Do I really have to use a script locator to do what I want, which doesn't seem that complicated?


Solution

  • Unintuitive Confidence Value

    When the Database Locator runs, it tries to find find records that best match the document OCR. The key to the behavior you see is that it first does the actual fuzzy search, returning records that meet the minimum confidence, and then the locator itself does additional processing: increasing or decreasing the confidence of records depending on whether they meet the Fields, Search Masks, or Regions settings defined in the locator.
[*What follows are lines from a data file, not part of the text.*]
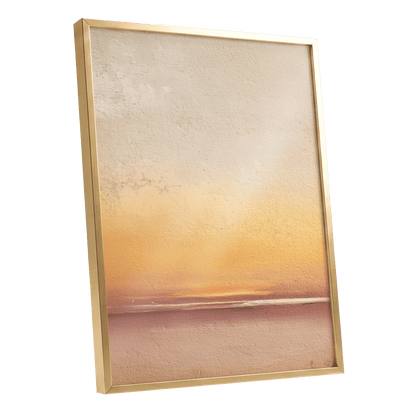 Hushed Horizon – gold framed poster option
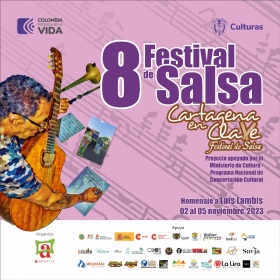 8 festival de salsa Cartagena en clave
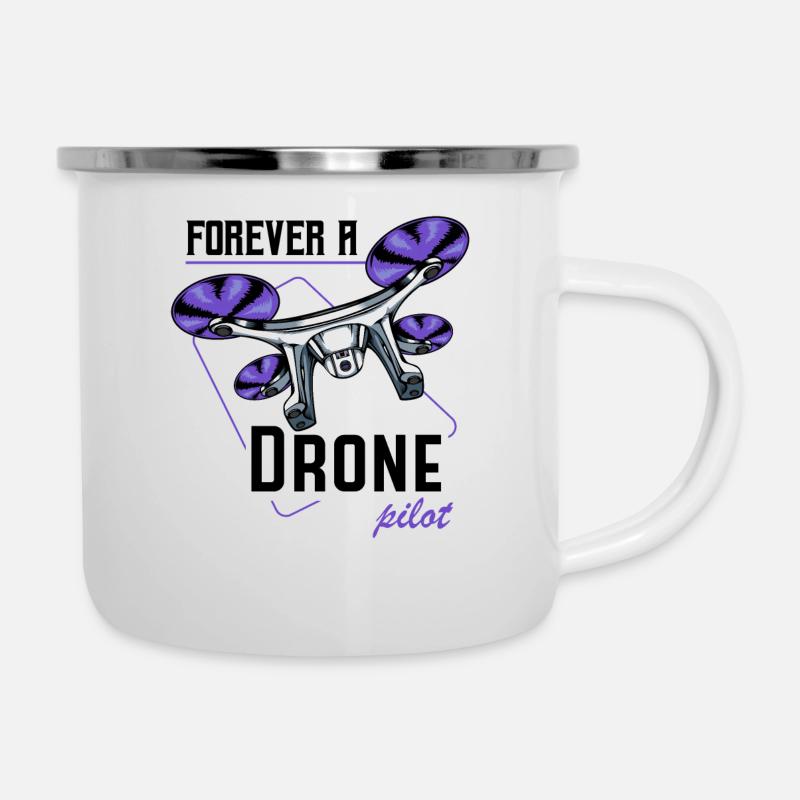 drones - Tasse émaillée - blanc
    The up side to this behavior is memory and processing efficiency. The core fuzzy search index can quickly determine which records that meet the initial confidence threshold, then the Database Locator only needs to load those into memory and do the post processing. The alternative would be that all records would need to be loaded to do post processing just in case the post processing pushed the confidence above the threshold. That would be more intuitive, but less efficient.
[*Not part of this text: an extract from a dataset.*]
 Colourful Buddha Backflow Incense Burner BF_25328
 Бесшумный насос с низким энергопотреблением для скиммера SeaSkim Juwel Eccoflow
    Possible Configuration Improvement

    If you only intend to search on that one column, and the other columns are just data you want returned, then make sure that column is the only one indexed. When you open the properties of the database, it shows the field names with checkboxes. Any fields that are checked are indexed and are part of what the locator will try to find on the document. You could be getting lower confidence if you have a bunch of fields checked that aren't actually on the document, especially if you also have a non-zero value for the locator setting "Penalty for empty fields".

    When using KSMS, the indexed columns cannot be changed in Project Builder since KSMS is building and serving the index. Instead open the Import Settings of the database within KSMS Administration and see that there is a "Columns to Use" section of checkboxes. If you configured the database by uploading a file rather than pointing to a UNC path, you will need to upload it again to be able to change which columns were indexed.

    Context

    For anyone reading this as a traditional database question: A "database" in this context in KTM takes records from CSV or relational database and indexes them for fuzzy matching. This core fuzzy search functionality is used in a few ways, one of which is the Database Locator.

    Documentation mentioning Database Locator processing separately from fuzzy search: The scripting help topic "Database Lookup in Specific Columns" shows how to use the fuzzy search from script (From a script window: Help>Scripting Help, then Script Samples > Database Lookup in Specific Columns), but it also has some mention of the fuzzy search itself as separate from some of the other settings handled by the Database Locator.